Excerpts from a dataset

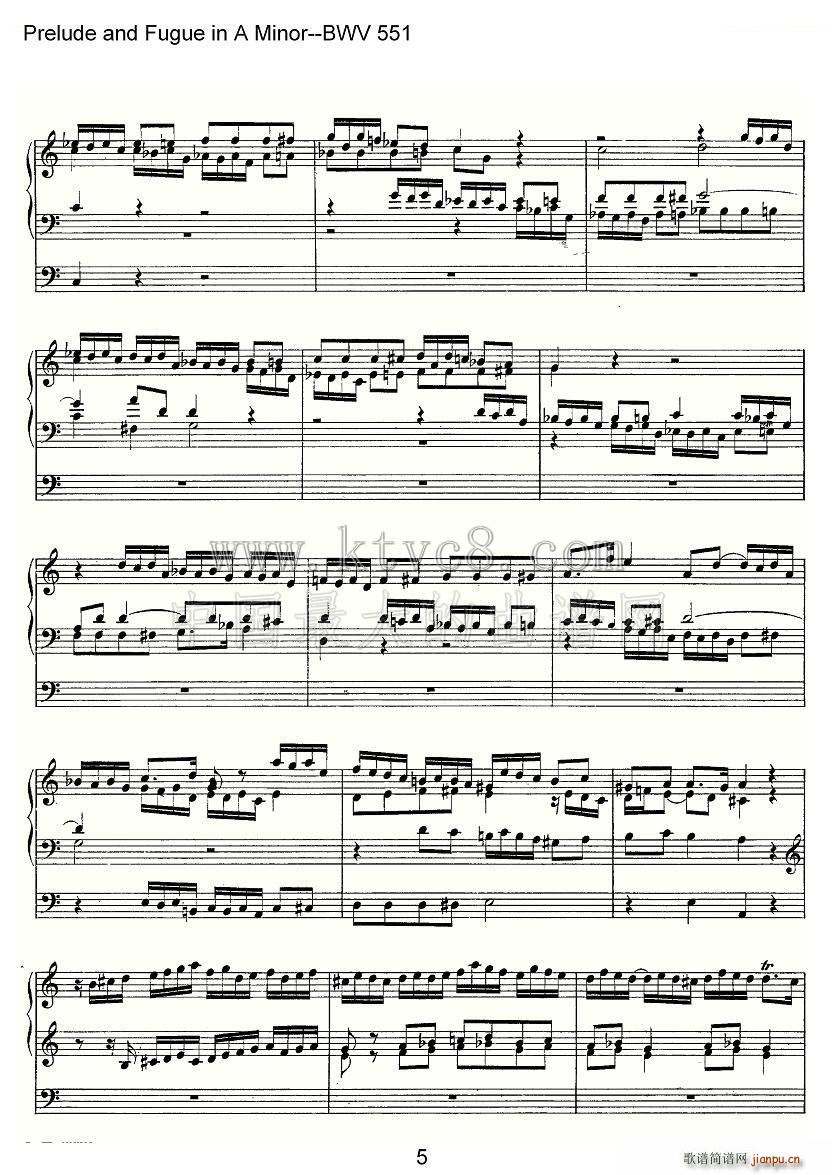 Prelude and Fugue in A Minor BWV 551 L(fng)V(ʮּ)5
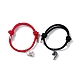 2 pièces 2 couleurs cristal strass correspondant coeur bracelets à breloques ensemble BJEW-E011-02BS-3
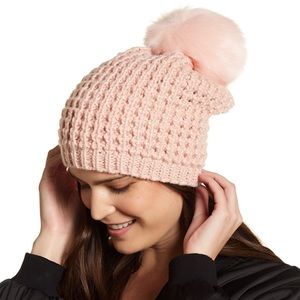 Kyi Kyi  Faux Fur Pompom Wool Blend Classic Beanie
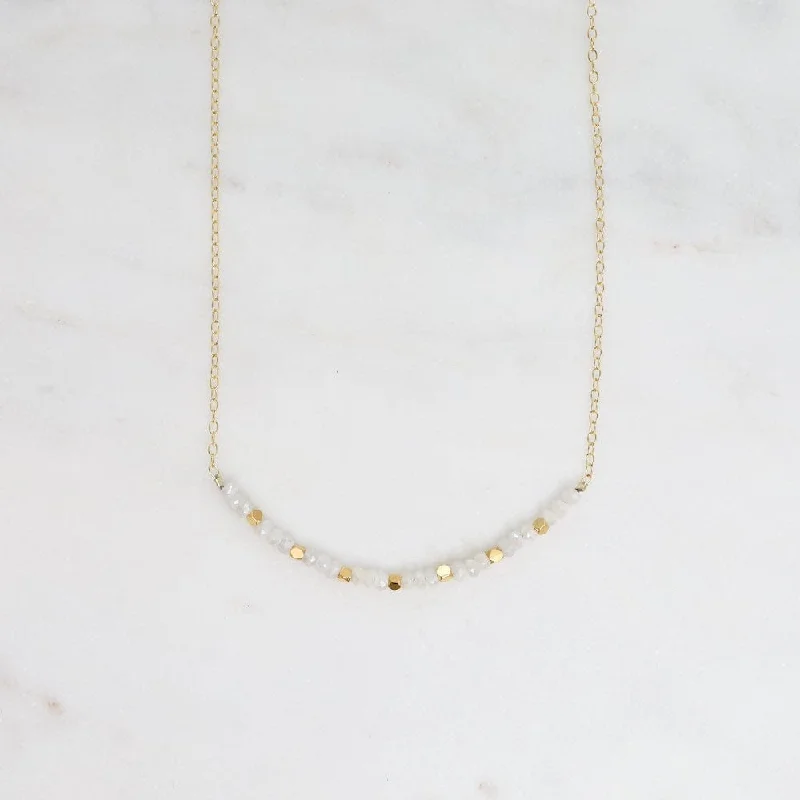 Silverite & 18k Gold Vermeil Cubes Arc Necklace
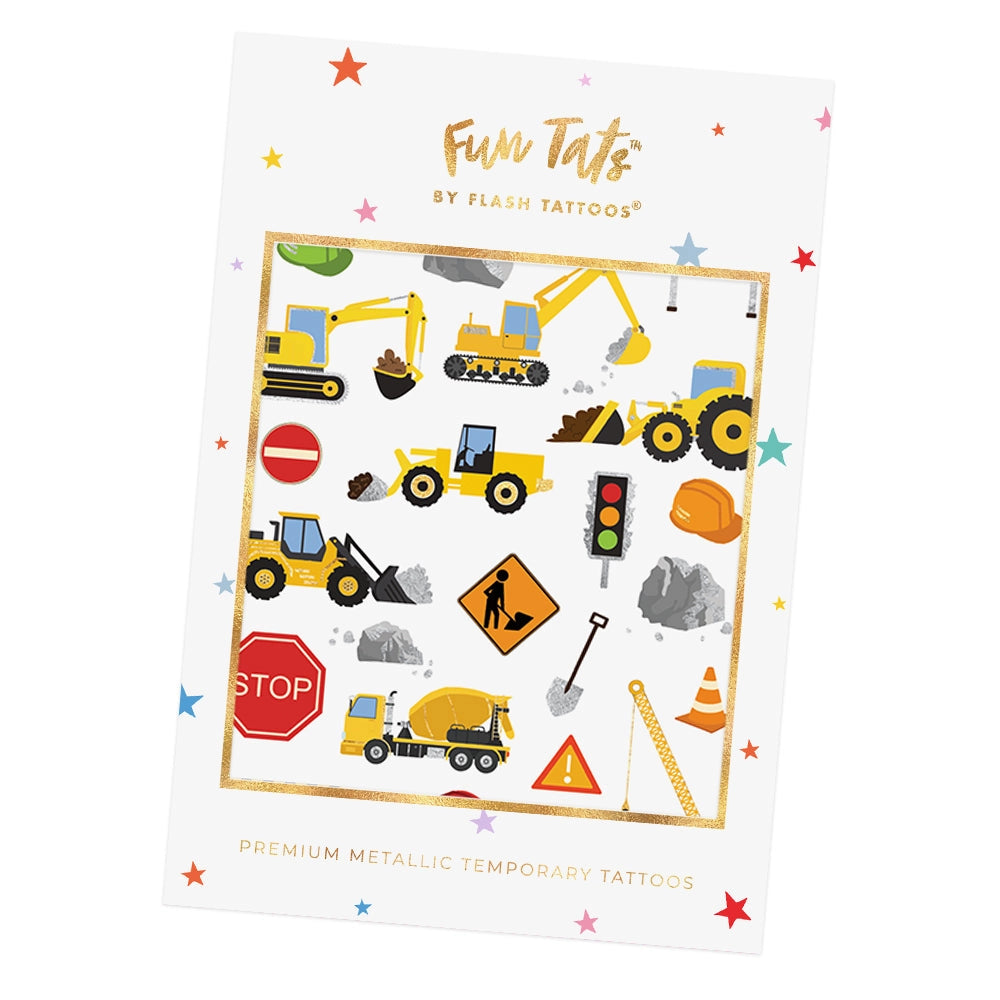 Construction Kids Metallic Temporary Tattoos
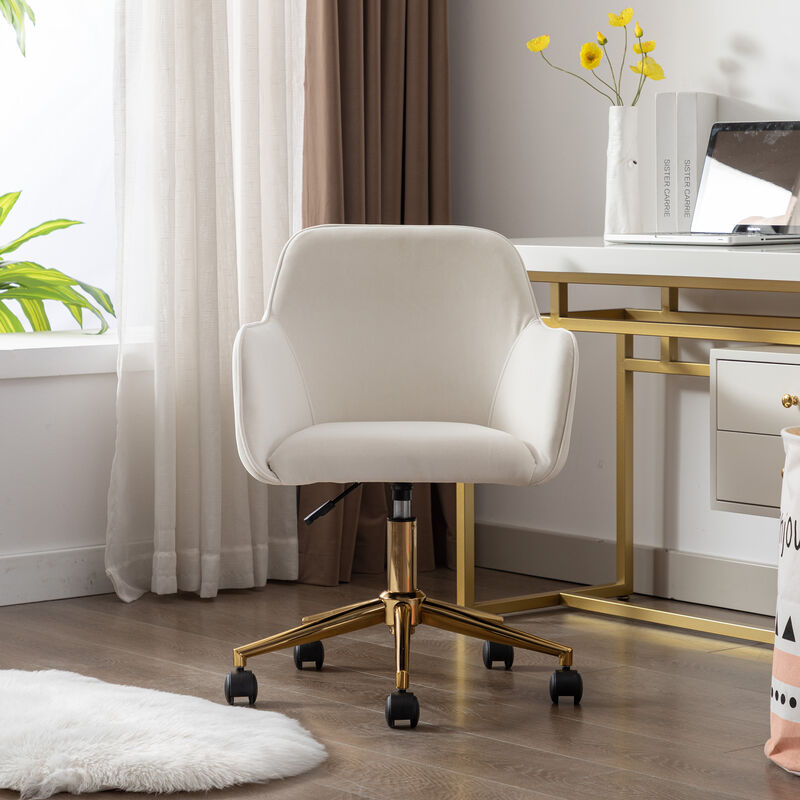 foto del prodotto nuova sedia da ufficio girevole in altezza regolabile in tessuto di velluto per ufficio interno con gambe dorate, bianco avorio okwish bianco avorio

> _Task to complete_
Quote each entry above verbatim and drop the pictures.

> _Response area_
 Prelude and Fugue in A Minor BWV 551 L(fng)V(ʮּ)5
 2 pièces 2 couleurs cristal strass correspondant coeur bracelets à breloques ensemble BJEW-E011-02BS-3
 Kyi Kyi  Faux Fur Pompom Wool Blend Classic Beanie
 Silverite & 18k Gold Vermeil Cubes Arc Necklace
 Construction Kids Metallic Temporary Tattoos
 foto del prodotto nuova sedia da ufficio girevole in altezza regolabile in tessuto di velluto per ufficio interno con gambe dorate, bianco avorio okwish bianco avorio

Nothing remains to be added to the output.